Если асфальт чавкает под ногами, как пластилин...
 Если соседский евроремонт вонзает в ваш мозг свои перфораторы и дрели, а во дворе раскопки теплотрассы...
 Если Киев укутан пыльным маревом, а деревья и трава сожжены...
 И наконец, если компьютер зависает, потому что лето даже его задушило своей жарой – надо ехать в Феодосию.

 Почему именно в Феодосию? Да потому что поезд прибывает прямо на пляж, и не нужно изможденному путешественнику пересаживаться на какие-то автобусы или электрички.

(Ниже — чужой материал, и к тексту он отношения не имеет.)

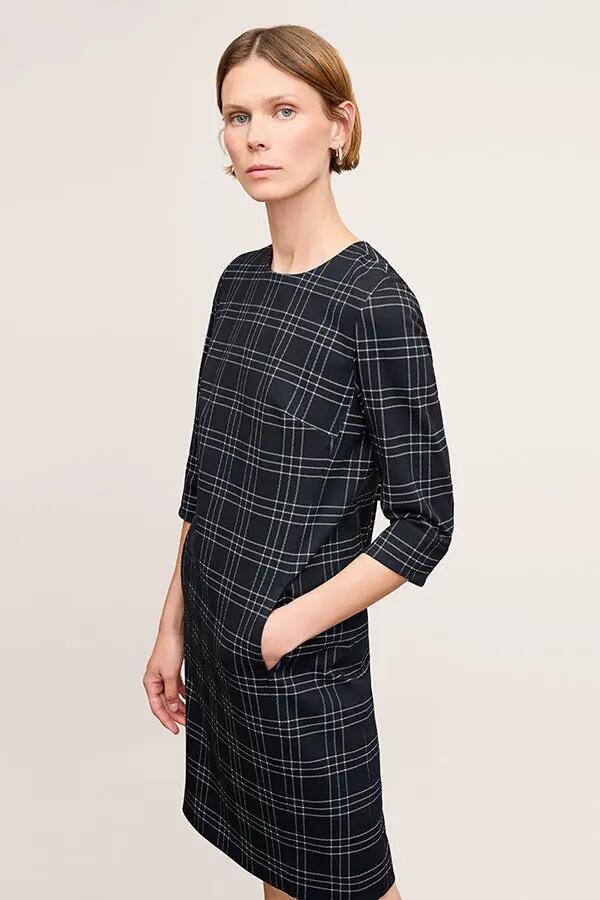 M.M.LaFleur Lancia Dress - OrigamiTech in Plaid Cover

Море начинается сразу за мощеной набережной, широко, до самого горизонта заполняя все окна поезда с левой стороны, обещая прохладу и удовольствие. Проплывают пляжи, уже с утра заполненные голыми телами, проплывают заросли южной зелени, крыши огнедышащих шашлычных. И все это – в двух шагах от вагонного окна.

 Поезд с лязгом останавливается на раскаленном перроне феодосийского вокзала. Рядом – морской порт и набережная. Можно немедленно выскочить из тамбура, подбежать к морю и окунуться в зеленоватую воду с головой. А затем броситься на шипящую гальку и со счастливым, блаженным вздохом всосать в легкие весь благословенный южный воздух, пропитанный запахами жареного мяса, рыбы, моря и нагретого камня. В крайнем случае, если не успели в поезде переодеться, можно зайти по щиколотки в морскую волну и насладиться ее прохладным шелестом. И осознать: наконец-то юг.

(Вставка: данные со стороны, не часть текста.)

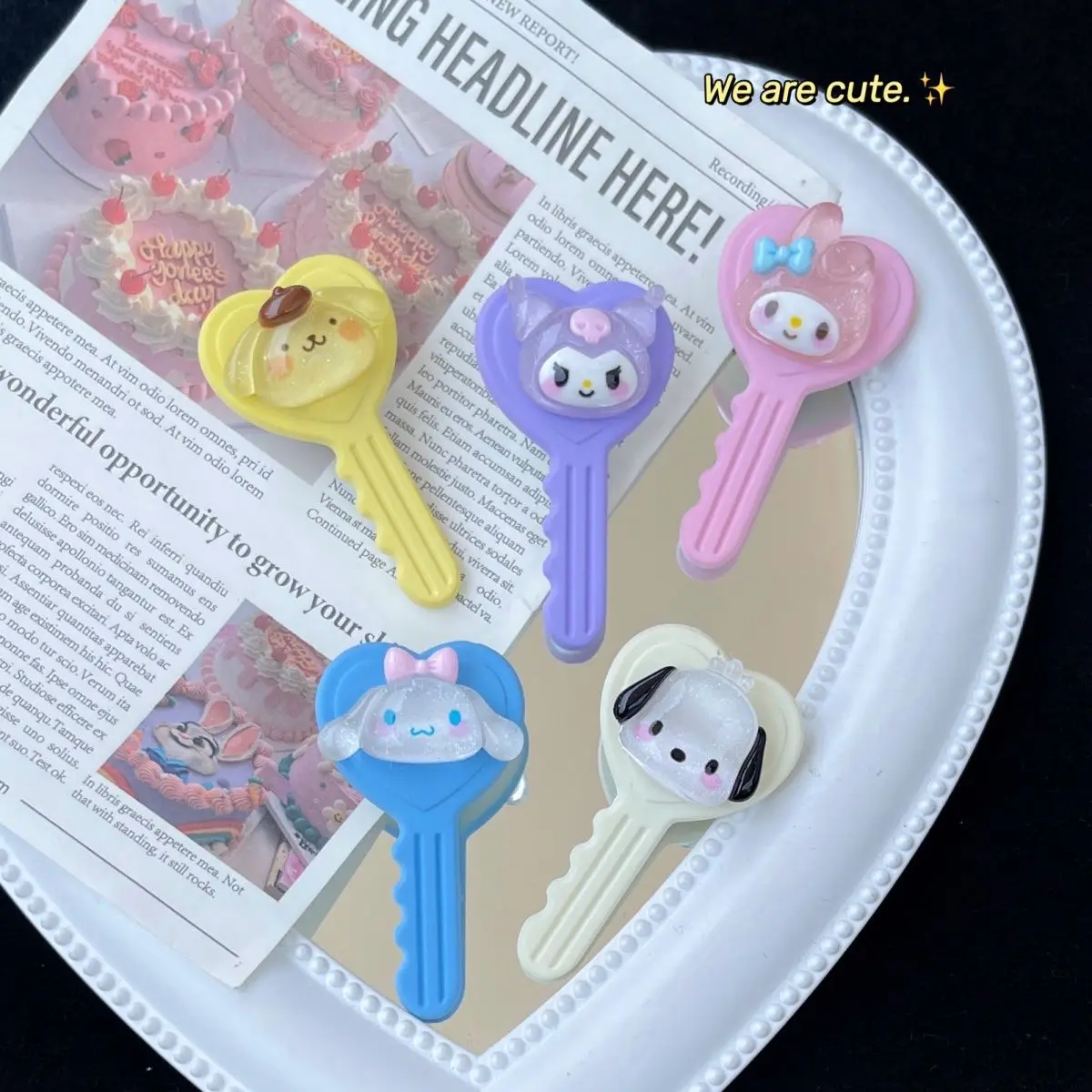 Kawaii Sanrio Cartoon Anime Kuromi My Melody Cinnamoroll Lovely Hairpin Baby Hair Decorate Girl Accessories Children's Gifts
Kawaii Sanrio Cartoon Anime Kuromi My Melody Cinnamoroll Lovely Hairpin Baby Hair Decorate Girl Accessories Children's Gifts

Глазеешь по сторонам, с непривычки чувствуя себя как цыпленок внутри микроволновой печи, щурясь от яркого солнца и любуясь окрестностями сквозь жаркое марево. Дома вырастают так, словно они – часть этой земли. Феодосия, как и другие небольшие курортные городки Крымского полуострова, живописно прилепилась к песчаным пригоркам. Уютно светятся за заборами стены из песчаника, ярко побеленные к лету. Многие маленькие домишки и особняки покрывает красная уютная черепица. Едят всюду, за каждым забором, причем, судя по запахам, едят вкусно. Тут же курят, разговаривают и пьют чай, обливаясь потом и отмахиваясь веточками от комаров.

В центре города на оживленном перекрестке странно и неожиданно возникает древняя парусная шхуна – белый барельеф на торцевой стене дома-музея Грина. Белый гордый нос парусника необыкновенно хорош, под бушпритом раскинулся какой-то далекий город, возможно Зурбаган. Весь тротуар у барельефа выложен плиткой и огорожен тяжелыми цепями, создавая полное впечатление куска набережной. А чуть дальше по улице Галерейной – вход в сам музей: корабельные канаты на фоне чисто выбеленной стены.

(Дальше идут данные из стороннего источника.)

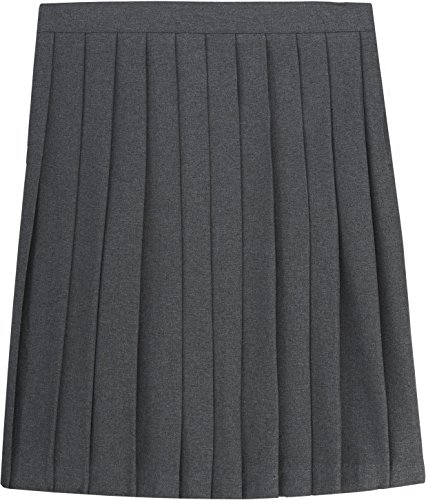 French Toast School Uniform Girls Pleated Skirt, Gray, 18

 Полуголые курортники стоят в очереди, чтобы сфотографироваться на фоне углового барельефа – их манит, видимо, надежда, что белый парусник Грина возьмет их на борт и унесет к горизонту. Остальных отдыхающих тянет на приморский бульвар. Именно здесь проходит главное южное дефиле: днем распаренное и разнеженное солнцем, скорее полураздетое, чем полуодетое, деловито спешащее на пляж и с пляжа; вечером неторопливо фланирующее, демонстрирующее наряды. Суетясь и хлопоча, как группы чаек, это многоязыкое, по-курортному яркое, загорелое, веселое и беспокойное течение медленно плывет по набережной вдоль моря, перетекает через переезд у вокзала и вливается в городские улочки мимо шашлычных и южных кафе, мимо музея Айвазовского. И так весь долгий день до вечера, пока незаметно, по-южному красиво не начинается закат.

Феодосия просится на кончик кисти: красно-коралловые черепичные крыши, островки изумрудной зелени, серый пористый камень старинных крепостей, кусочки синего моря, переходящего в небо, кобальтовые тени среди охры старых двухэтажных домиков, живописные трещины старых стен, дворы с босоногой грязной ребятней, пестрая толпа.
Народ на пляже не убывает, все спасаются от жары в море и не обращают никакого внимания на сумерки. На потемневшей воде танцуют огни морского порта, и уже намечается бликами расплескавшаяся оранжевая краска заходящего солнца.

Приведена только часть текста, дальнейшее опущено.